Finnland ist bekannt als ein Land von Saunagängern, Speerwerfern und Autorennfahrern. Fussballer? Klar, mit Jari Litmanen gab es in den 1990er-Jahren einen Weltstar. Sami Hyypiä verteidigte beim FC Liverpool und Hannu Tihinen wurde beim FC Zürich als Abwehrchef zur Legende.
Aber zwei, drei gute Spieler reichen dann eben doch nicht ganz, um auf höchster Ebene zu glänzen. Finnland qualifizierte sich noch nie für eine Weltmeisterschaft, die einzigen nennenswerten Erfolge bildeten bis zur Qualifikation für die EM 2021 die Teilnahmen an den olympischen Fussballturnieren 1912 und 1936.
In der Qualifikation für die Euro 08 zeigt Finnland zwei Gesichter. Es gewinnt 3:1 in Polen und trotzt Portugal ein 1:1 ab, nur um danach in Armenien bloss ein 0:0 zu holen und um in Aserbaidschan 0:1 zu verlieren (okay, das schafften auch andere …).
In der 8. Runde kommt es zum Heimspiel gegen Belgien. Die Erwartungen im Land sind grösser als auch schon, das vom einstigen Schweizer Nationaltrainer Roy Hodgson gecoachte Finnland darf noch von der EM-Qualifikation träumen. Rund 35'000 Zuschauer kommen an diesem Mittwochabend ins damit beinahe ausverkaufte Olympiastadion in Helsinki. «Ich erinnere mich noch gut ans Spiel, weil ich das erste Mal in einem Pflichtspiel Captain war», erinnert sich Hannu Tihinen.

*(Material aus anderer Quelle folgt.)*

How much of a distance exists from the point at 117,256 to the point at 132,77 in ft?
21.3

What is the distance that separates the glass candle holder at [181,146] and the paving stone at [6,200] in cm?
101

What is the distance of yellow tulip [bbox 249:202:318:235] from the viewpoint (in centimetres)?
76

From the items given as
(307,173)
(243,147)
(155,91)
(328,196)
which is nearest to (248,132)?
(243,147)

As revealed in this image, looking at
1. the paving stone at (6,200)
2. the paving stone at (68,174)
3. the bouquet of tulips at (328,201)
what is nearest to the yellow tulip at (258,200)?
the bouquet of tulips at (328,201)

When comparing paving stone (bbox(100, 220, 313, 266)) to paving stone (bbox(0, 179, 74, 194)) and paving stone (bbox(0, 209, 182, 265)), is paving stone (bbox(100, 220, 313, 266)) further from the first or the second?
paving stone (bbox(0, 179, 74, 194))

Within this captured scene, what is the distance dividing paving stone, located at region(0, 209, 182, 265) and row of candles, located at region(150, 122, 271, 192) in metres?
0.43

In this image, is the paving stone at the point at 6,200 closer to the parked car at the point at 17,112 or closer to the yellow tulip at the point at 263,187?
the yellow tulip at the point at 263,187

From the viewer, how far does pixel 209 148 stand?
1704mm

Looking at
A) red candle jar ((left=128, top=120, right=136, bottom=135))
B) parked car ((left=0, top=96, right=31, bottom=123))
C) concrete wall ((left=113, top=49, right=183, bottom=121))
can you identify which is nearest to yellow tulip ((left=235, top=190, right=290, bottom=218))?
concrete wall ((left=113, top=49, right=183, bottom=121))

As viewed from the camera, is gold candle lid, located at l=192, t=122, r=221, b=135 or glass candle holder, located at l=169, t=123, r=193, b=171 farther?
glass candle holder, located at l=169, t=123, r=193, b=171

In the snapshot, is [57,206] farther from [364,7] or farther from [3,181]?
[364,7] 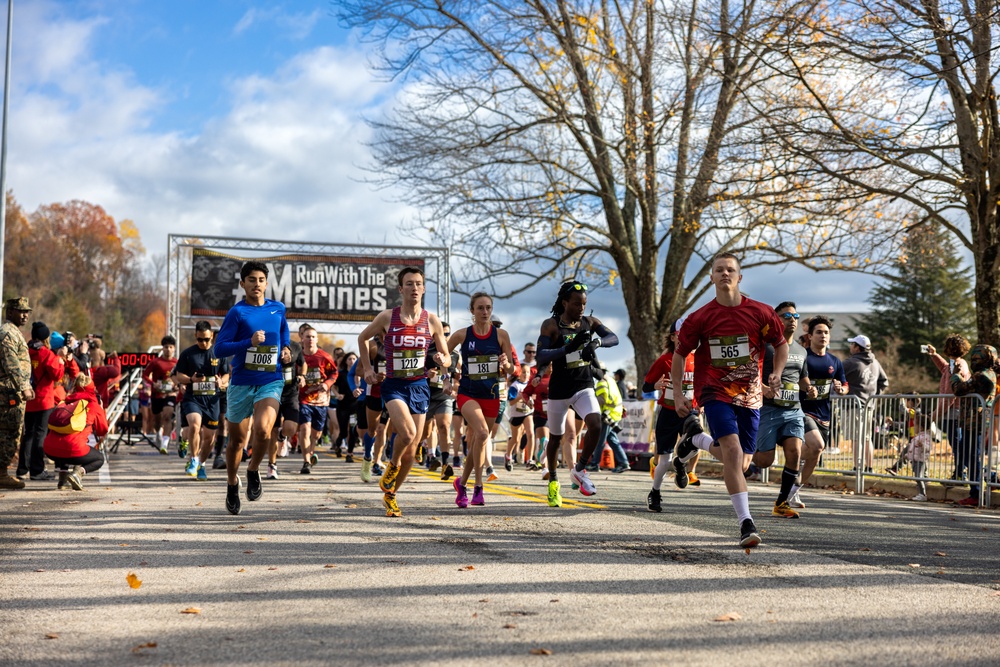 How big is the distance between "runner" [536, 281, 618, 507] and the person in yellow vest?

Die Partie steht 0:0, als nach etwa einer Viertelstunde ein tierischer Nebendarsteller den Akteuren die Show stiehlt. Ein Uhu hat sich auf dem Rasen niedergelassen und macht keine Anstalten, diesen wieder zu verlassen. Der englische Schiedsrichter Mike Riley unterbricht das Spiel. Und er kann es mehrere Minuten nicht fortsetzen: Der Uhu segelt durch den belgischen Strafraum, um auf der Torlatte zu thronen. «Er schien die Atmosphäre richtig zu geniessen», glaubt Tihinien.

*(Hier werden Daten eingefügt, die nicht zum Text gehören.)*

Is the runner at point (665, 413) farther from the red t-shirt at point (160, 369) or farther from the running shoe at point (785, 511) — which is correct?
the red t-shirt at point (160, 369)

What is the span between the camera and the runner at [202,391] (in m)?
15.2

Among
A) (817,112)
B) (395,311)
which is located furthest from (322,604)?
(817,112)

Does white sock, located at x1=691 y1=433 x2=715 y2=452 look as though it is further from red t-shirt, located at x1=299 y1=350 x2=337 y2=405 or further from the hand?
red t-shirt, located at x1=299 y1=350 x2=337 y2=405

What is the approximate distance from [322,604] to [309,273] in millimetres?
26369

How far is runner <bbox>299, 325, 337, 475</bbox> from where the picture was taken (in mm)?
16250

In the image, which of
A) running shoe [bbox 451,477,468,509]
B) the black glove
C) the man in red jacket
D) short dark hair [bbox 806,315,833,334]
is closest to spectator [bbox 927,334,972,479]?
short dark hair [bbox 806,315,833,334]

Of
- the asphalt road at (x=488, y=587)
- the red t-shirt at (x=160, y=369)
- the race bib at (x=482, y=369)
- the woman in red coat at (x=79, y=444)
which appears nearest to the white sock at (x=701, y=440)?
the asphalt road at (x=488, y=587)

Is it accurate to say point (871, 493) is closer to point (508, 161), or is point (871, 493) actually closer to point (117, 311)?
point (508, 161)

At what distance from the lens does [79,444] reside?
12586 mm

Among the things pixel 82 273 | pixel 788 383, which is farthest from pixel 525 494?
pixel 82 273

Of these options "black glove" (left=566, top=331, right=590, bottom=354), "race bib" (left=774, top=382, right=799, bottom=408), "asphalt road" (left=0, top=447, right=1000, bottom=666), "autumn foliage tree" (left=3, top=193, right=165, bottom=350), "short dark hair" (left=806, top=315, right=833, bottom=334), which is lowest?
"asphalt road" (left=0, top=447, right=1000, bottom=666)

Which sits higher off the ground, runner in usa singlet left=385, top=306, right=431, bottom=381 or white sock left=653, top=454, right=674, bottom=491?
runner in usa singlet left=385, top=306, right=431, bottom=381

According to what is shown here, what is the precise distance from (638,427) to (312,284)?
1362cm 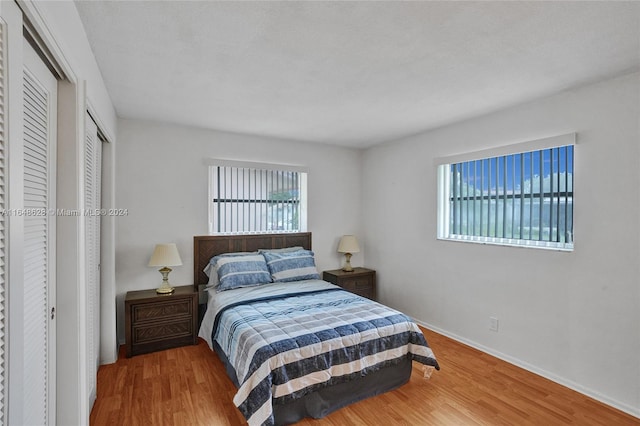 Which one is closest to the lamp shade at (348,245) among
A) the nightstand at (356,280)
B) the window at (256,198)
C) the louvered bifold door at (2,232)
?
the nightstand at (356,280)

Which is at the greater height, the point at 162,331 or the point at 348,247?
the point at 348,247

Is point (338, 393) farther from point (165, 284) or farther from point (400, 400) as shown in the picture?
point (165, 284)

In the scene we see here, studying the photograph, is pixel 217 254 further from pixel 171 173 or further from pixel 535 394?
pixel 535 394

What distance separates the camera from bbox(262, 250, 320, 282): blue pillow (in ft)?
12.4

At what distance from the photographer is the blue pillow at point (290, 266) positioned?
3788 mm

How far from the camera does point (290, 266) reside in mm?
3879

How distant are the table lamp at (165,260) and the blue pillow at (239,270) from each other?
0.43 metres

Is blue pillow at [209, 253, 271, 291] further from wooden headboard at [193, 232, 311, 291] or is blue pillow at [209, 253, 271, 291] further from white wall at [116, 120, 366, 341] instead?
white wall at [116, 120, 366, 341]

Das Publikum johlt und klatscht. So angestachelt, denkt der majestätische Uhu nicht daran, die Bühne zu verlassen: Er segelt quer über den gesamten Platz, um das Erlebnis auch von der anderen Querlatte aus zu haben. Blöd nur, dass ihm die Vogelperspektive nichts nutzt: Denn Fussball wird nicht gespielt, solange er da oben hockt.

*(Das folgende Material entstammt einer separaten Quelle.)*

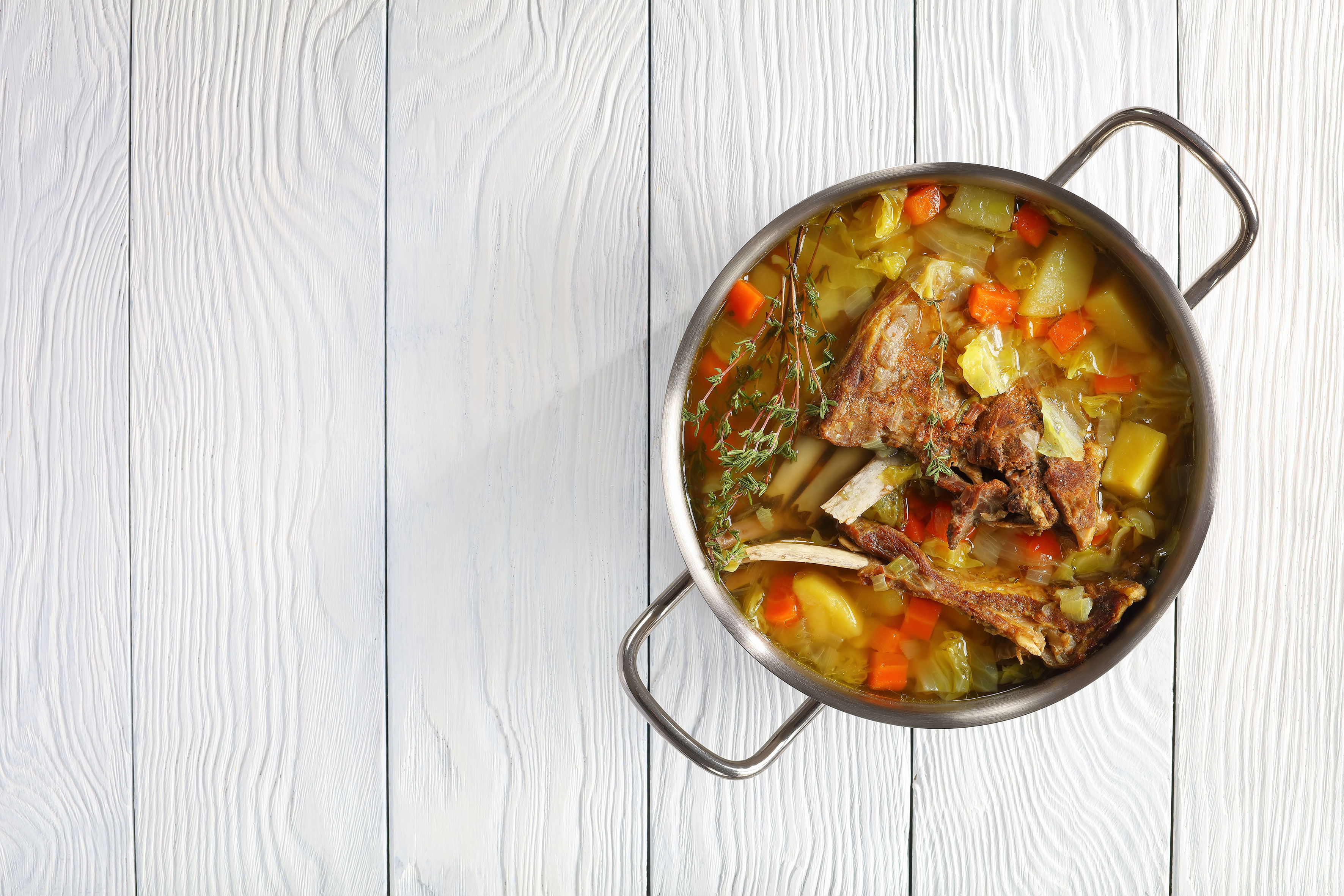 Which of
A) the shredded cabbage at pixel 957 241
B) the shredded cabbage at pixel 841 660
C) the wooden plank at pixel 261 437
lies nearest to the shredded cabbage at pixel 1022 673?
the shredded cabbage at pixel 841 660

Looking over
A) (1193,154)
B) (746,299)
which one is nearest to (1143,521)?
(1193,154)

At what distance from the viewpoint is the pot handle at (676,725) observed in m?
1.53

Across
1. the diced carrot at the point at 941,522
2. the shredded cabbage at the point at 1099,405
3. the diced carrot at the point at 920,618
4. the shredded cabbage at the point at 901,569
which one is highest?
the shredded cabbage at the point at 1099,405

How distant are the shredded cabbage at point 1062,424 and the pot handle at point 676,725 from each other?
2.01 feet

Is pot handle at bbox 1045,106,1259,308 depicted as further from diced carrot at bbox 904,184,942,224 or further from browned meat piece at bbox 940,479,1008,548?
browned meat piece at bbox 940,479,1008,548

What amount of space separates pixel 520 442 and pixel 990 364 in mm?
958

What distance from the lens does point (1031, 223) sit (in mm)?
1442

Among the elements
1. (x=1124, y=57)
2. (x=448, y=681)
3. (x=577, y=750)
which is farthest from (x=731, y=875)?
(x=1124, y=57)

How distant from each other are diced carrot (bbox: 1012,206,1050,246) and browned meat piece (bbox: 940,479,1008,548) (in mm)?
432

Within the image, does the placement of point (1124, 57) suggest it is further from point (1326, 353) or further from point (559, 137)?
point (559, 137)

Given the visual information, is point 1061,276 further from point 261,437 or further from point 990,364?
point 261,437

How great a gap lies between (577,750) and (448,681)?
32cm

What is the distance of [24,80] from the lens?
1880 millimetres

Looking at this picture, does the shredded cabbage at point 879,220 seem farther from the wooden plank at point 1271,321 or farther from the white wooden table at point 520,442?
the wooden plank at point 1271,321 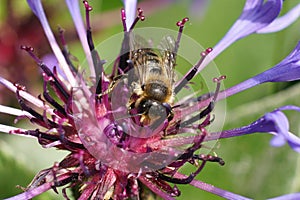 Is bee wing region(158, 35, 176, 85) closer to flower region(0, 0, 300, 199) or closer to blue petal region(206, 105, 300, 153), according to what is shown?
flower region(0, 0, 300, 199)

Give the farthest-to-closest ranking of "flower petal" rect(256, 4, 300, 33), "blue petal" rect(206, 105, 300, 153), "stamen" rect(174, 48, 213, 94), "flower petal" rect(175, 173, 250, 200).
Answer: "flower petal" rect(256, 4, 300, 33) → "stamen" rect(174, 48, 213, 94) → "flower petal" rect(175, 173, 250, 200) → "blue petal" rect(206, 105, 300, 153)

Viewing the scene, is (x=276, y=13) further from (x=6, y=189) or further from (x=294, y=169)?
(x=6, y=189)

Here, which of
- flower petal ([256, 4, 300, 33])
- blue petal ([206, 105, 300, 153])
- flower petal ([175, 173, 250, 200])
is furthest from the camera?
flower petal ([256, 4, 300, 33])

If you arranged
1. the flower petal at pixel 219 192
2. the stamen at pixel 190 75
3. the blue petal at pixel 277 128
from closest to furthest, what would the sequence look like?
the blue petal at pixel 277 128 < the flower petal at pixel 219 192 < the stamen at pixel 190 75

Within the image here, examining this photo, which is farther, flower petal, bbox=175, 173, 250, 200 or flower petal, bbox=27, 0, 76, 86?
flower petal, bbox=27, 0, 76, 86

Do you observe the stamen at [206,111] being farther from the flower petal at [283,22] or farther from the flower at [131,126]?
the flower petal at [283,22]

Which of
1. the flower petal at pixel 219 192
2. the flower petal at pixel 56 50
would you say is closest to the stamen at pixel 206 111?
the flower petal at pixel 219 192

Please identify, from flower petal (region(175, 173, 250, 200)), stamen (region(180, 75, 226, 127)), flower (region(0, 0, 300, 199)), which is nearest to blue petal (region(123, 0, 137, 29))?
flower (region(0, 0, 300, 199))

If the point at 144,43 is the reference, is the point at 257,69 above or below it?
above

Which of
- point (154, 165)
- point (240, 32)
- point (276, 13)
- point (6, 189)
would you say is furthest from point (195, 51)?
point (6, 189) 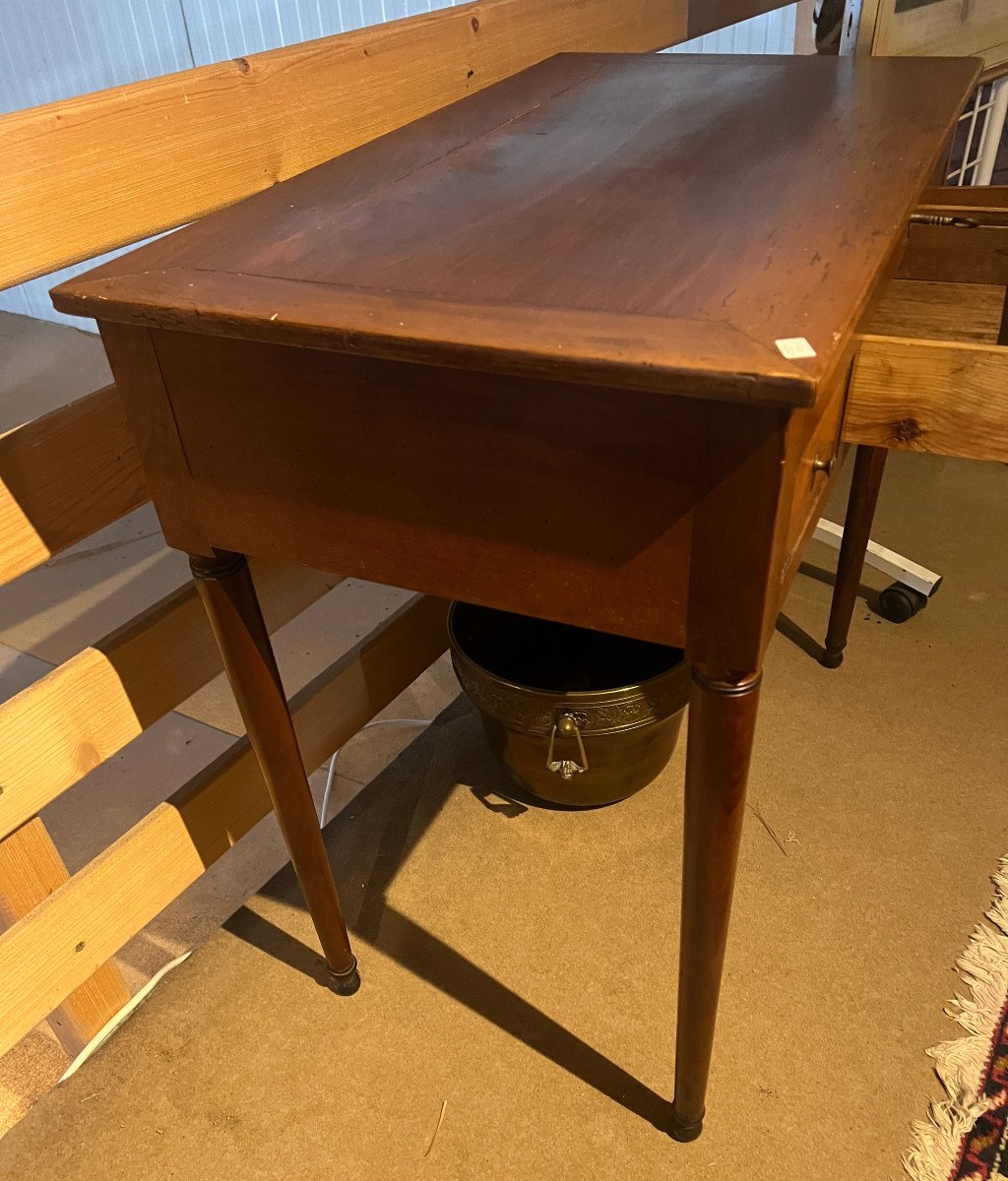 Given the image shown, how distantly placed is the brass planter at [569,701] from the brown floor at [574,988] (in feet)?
0.28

Schliesslich hat der Uhu genug gesehen – und vielleicht für eine Art nordisches Voodoo gesorgt. Nur wenige Minuten nachdem das Spiel wieder aufgenommen worden ist, geht Finnland in Führung. «Vielleicht hat uns dieser Glücksbringer die nötige Energie verliehen», sagt Tihinen mit einem Lächeln.
Die Finnen gewinnen gegen Belgien 2:0 und dürfen weiter von der Turnierteilnahme träumen. Am Ende reicht es nicht, weil von den folgenden sechs Qualifikationsspielen gleich vier 0:0 ausgehen. Eines ist jenes im letzten Spiel in Portugal, wo Finnland mit einem Sieg zur EM reisen würde. So qualifizieren sich nebst Cristiano Ronaldos Team die Polen. Finnlands Nationalteam erhält dafür einen neuen Spitznamen: Huuhkajat, das finnische Wort für Uhu.
Das berühmte Tier wird von Fans und Medien «Bubi» getauft und erhält Ende 2007 eine besondere Ehre. Ein Journalistenverband wählt den Uhu zu Helsinkis «Einwohner des Jahres». Der Verbandspräsident sprach von einer einstimmigen Entscheidung: «Bubi hat den finnischen Fussball viel effizienter gefördert als all die torlosen Unentschieden unserer Mannschaft.»